• [PROBLEM DETAILS]: From the very first line of the records through the line that contains "オビドスにあるRainha Santa Isabel", repeat everything exactly except the pictures, and add nothing.

• [DATA SHOWN]:
BEGIN

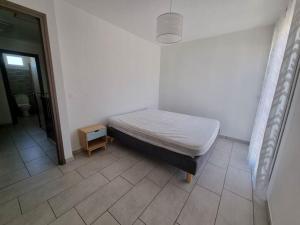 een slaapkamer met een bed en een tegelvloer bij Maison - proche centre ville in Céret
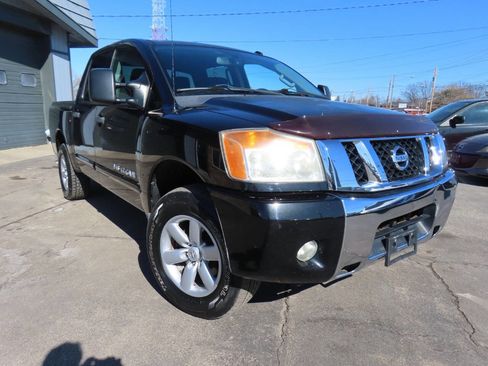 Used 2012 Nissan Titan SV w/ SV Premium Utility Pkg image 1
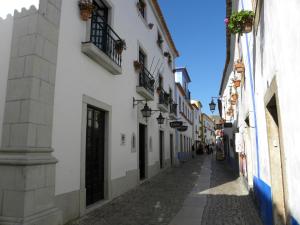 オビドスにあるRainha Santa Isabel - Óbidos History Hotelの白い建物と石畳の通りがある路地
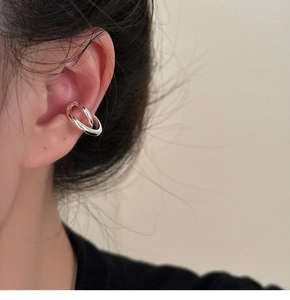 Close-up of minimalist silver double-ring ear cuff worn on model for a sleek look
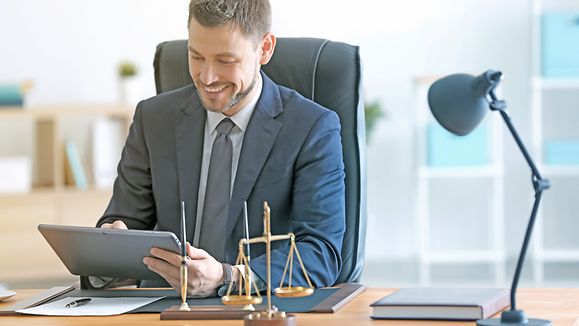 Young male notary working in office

END

• [SOLUTION BELOW]:
 een slaapkamer met een bed en een tegelvloer bij Maison - proche centre ville in Céret
 Used 2012 Nissan Titan SV w/ SV Premium Utility Pkg image 1
 オビドスにあるRainha Santa Isabel - Óbidos History Hotelの白い建物と石畳の通りがある路地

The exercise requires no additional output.